(YOUR TASK):
All that is wanted is the line with "Magician of Faithfulness" and each line after it to the end of the data below, set down exactly and without pictures.

[Data extracted from a collection]
=====

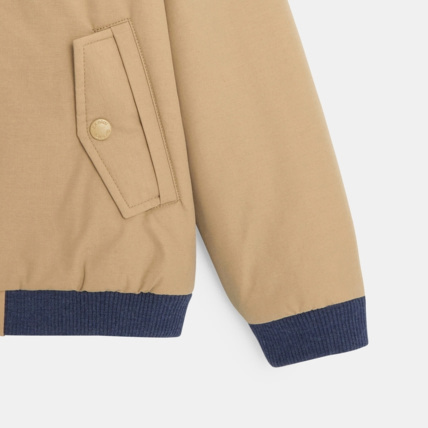 Avis Blouson enduit déperlant à col teddy beige garçon OKAIDI 5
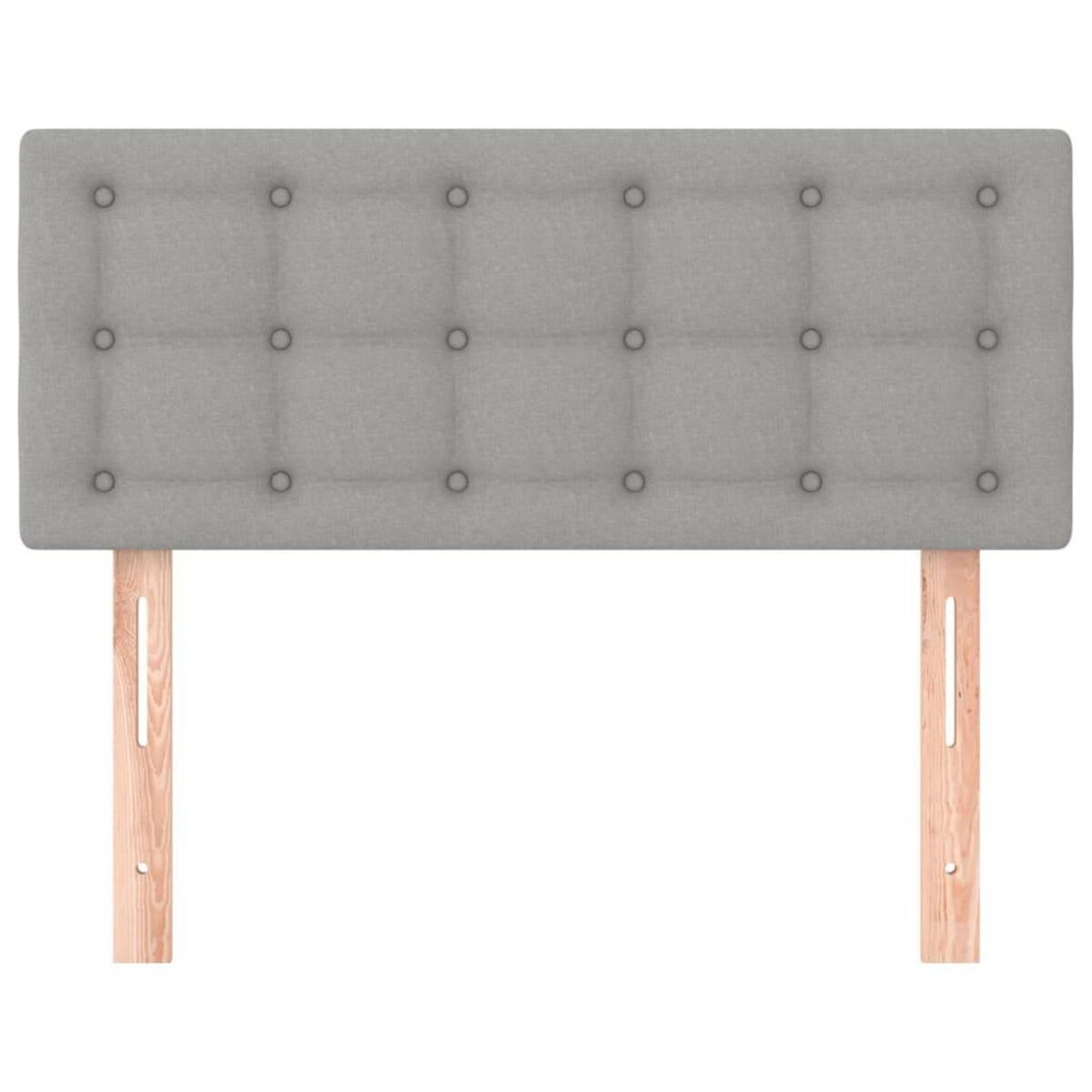 VIDAXL Tete de lit Gris clair 100x5x78/88 cm Tissu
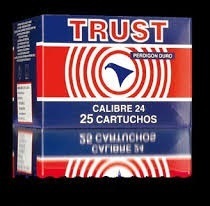 Caixa 25 Cartuchos Trust Cal.24 19gr. Ch.6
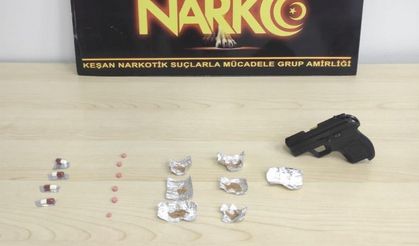 Keşan'da uyuşturucudan iki gözaltı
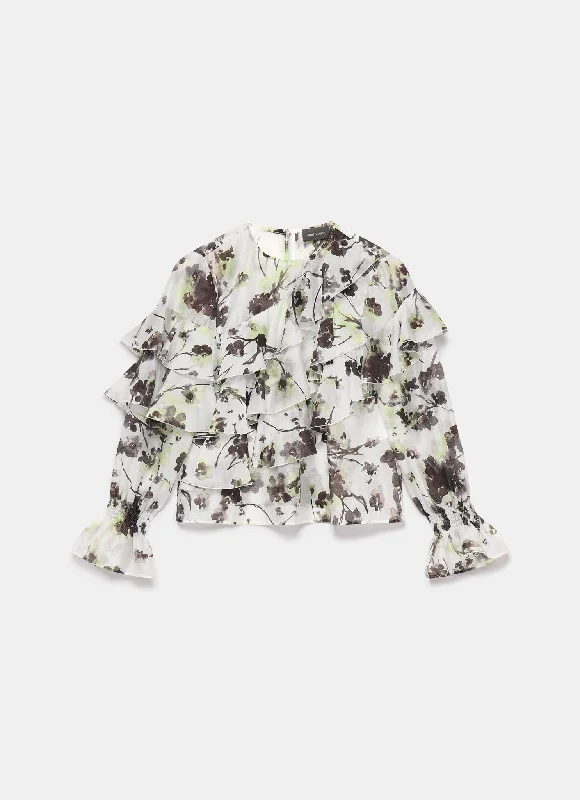 floral-print-ruffle-top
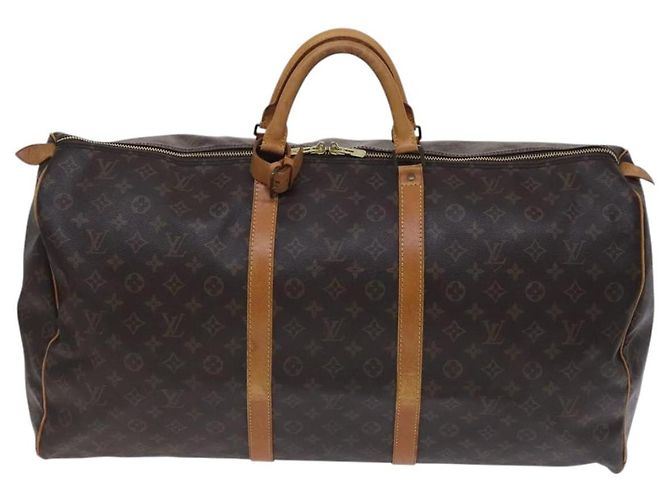 LOUIS VUITTON Monogram Keepall 60 Borsa Boston M41422 LV Auth EC686 Monogramma - vista 13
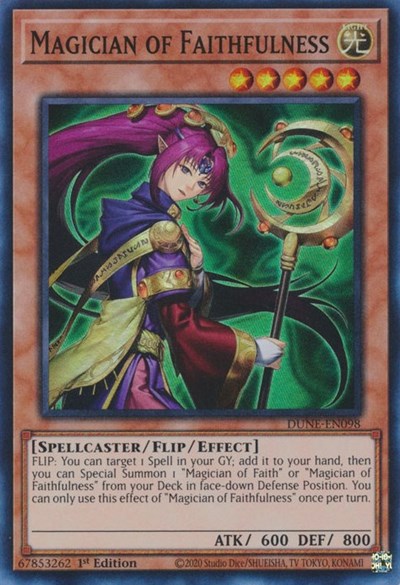 Magician of Faithfulness (DUNE-EN098) [Duelist Nexus]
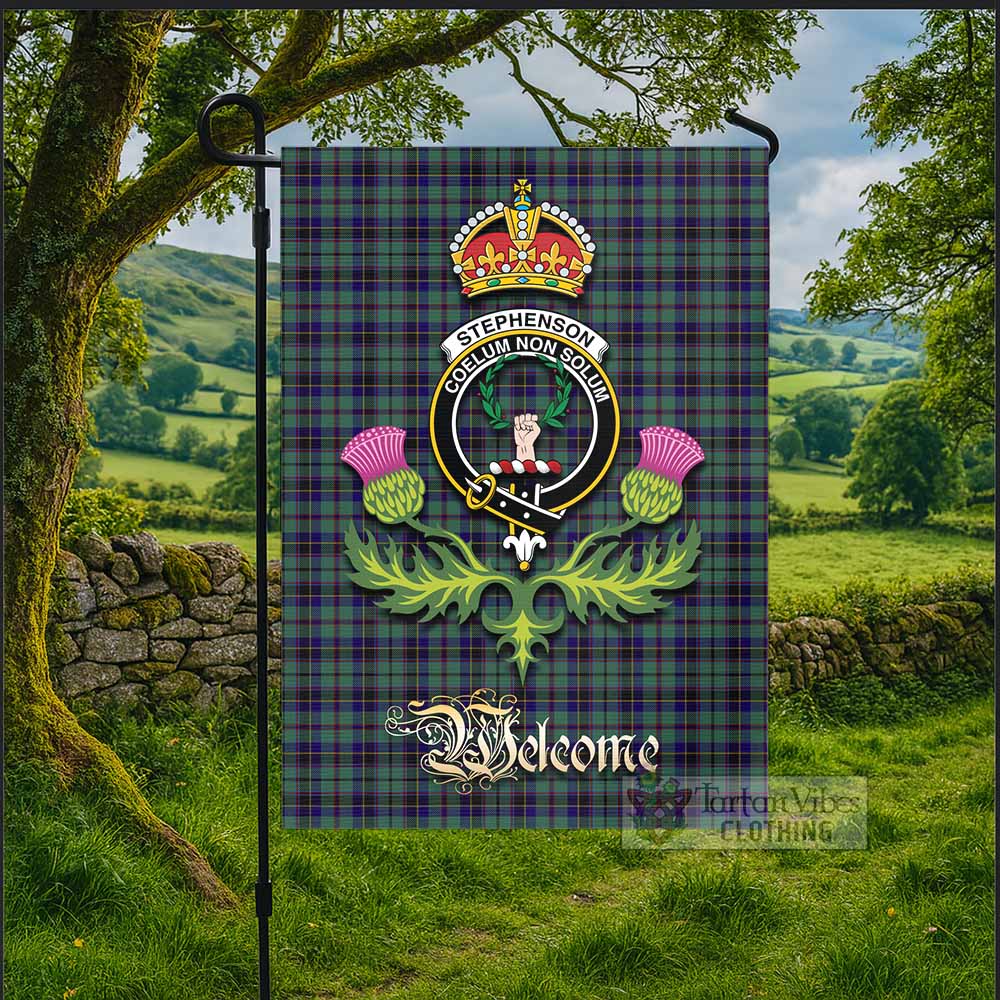 Stephenson (Stevenson) Tartan Family Crest Garden Flag Royal Thistle Welcome Style - Tartan Vibes Clothing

=====

(REPLY):
 Magician of Faithfulness (DUNE-EN098) [Duelist Nexus]
 Stephenson (Stevenson) Tartan Family Crest Garden Flag Royal Thistle Welcome Style - Tartan Vibes Clothing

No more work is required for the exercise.